═══ EXTRACTED RECORDS

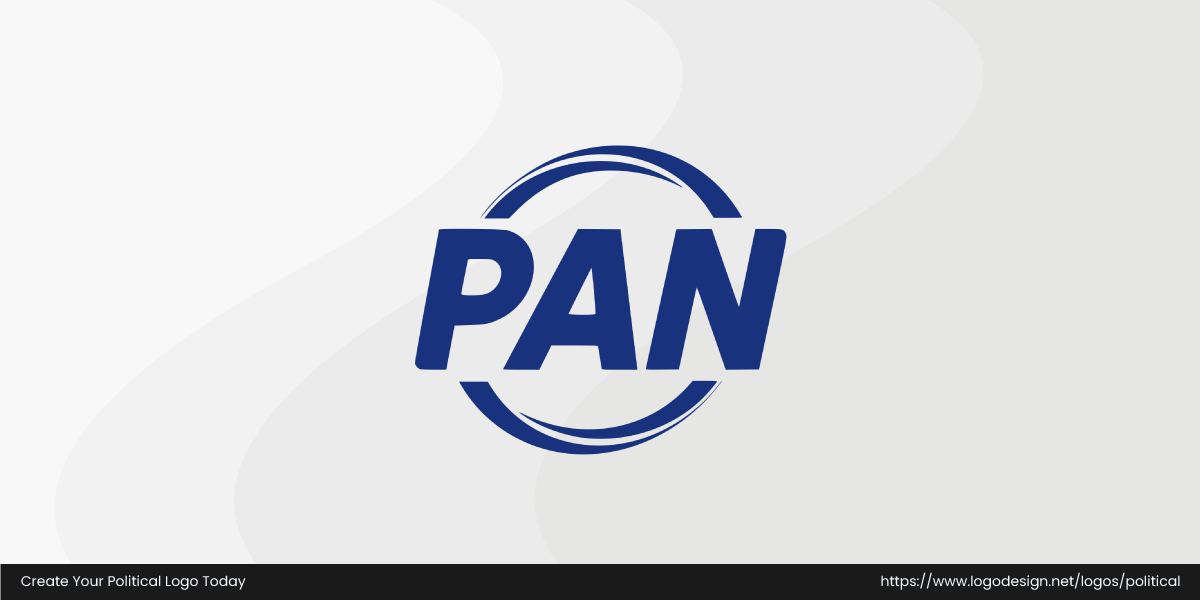 National Action Party in Mexico Logo National Action Party in Mexico Logo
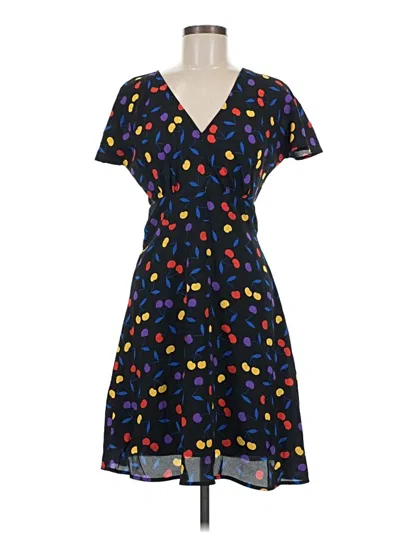Pre-owned Modcloth Casual Dress In Blue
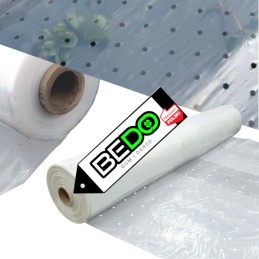 Construction expert perforated foil 5.4x100m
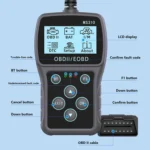 MS310 LCD Screen Car Battery Tester ODB2 Fault Detector - Image 2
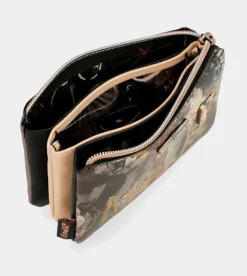 Anekke Shoen Palette Triple Compartment Purse Store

══════

### EXERCISE REQUIREMENTS
Give the entries again word for word, but skip the pictures.

### OUTPUT FOR THIS EXERCISE
 National Action Party in Mexico Logo National Action Party in Mexico Logo
Pre-owned Modcloth Casual Dress In Blue
 Construction expert perforated foil 5.4x100m
 MS310 LCD Screen Car Battery Tester ODB2 Fault Detector - Image 2
 Anekke Shoen Palette Triple Compartment Purse Store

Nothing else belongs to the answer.